Start of Block

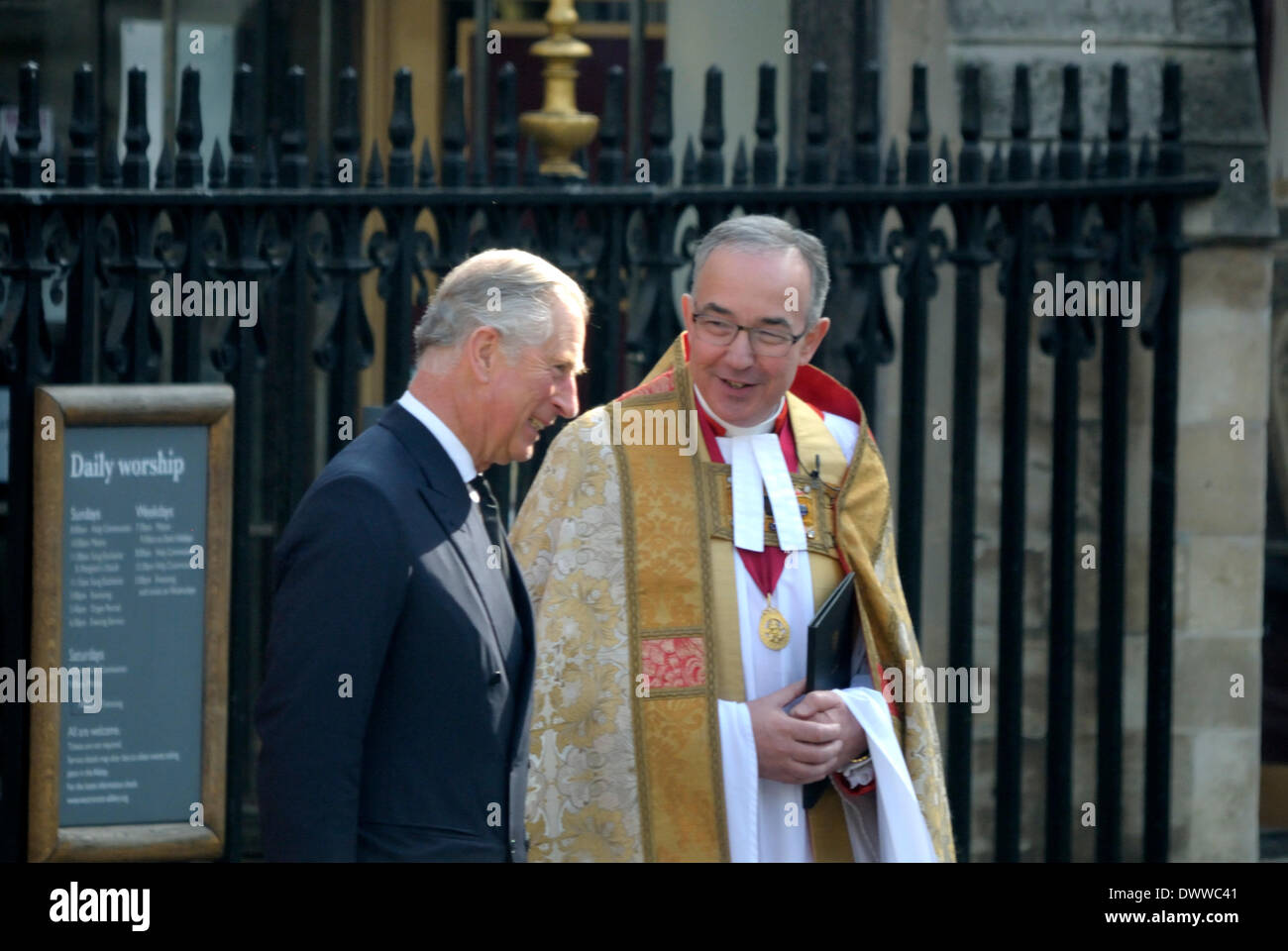 Le Prince Charles et Rev John Hall (doyen de l'abbaye de Westminster) Service commémoratif pour Sir David Frost à l'abbaye de Westminster Banque D'Images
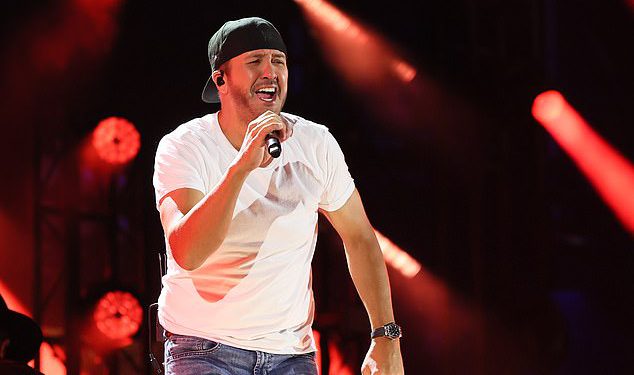 Luke Bryan razbija tišinu nakon što je udario u lice tijekom šokiranja koncerta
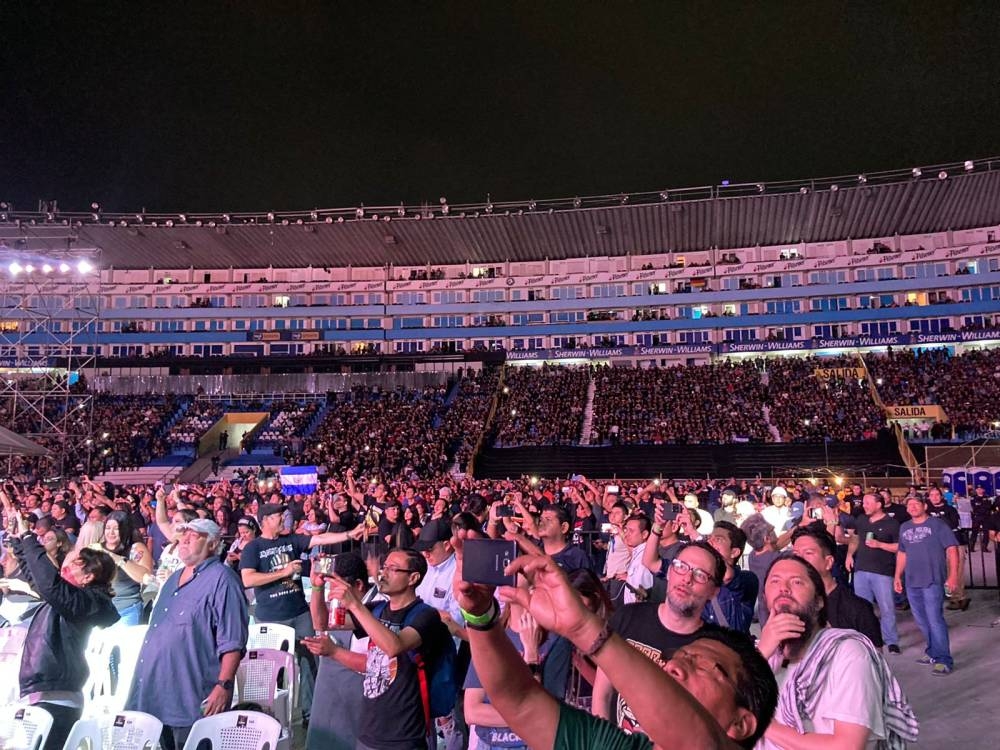 El estadio Cuscatlán recibió a miles de almas para disfrutar con Scorpions. / Foto: Jhoel Díaz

End of Block

■ **Problem description**:
Aside from the pictures, repeat the listing exactly.

■ **Result**:
 Le Prince Charles et Rev John Hall (doyen de l'abbaye de Westminster) Service commémoratif pour Sir David Frost à l'abbaye de Westminster Banque D'Images
 Luke Bryan razbija tišinu nakon što je udario u lice tijekom šokiranja koncerta
 El estadio Cuscatlán recibió a miles de almas para disfrutar con Scorpions. / Foto: Jhoel Díaz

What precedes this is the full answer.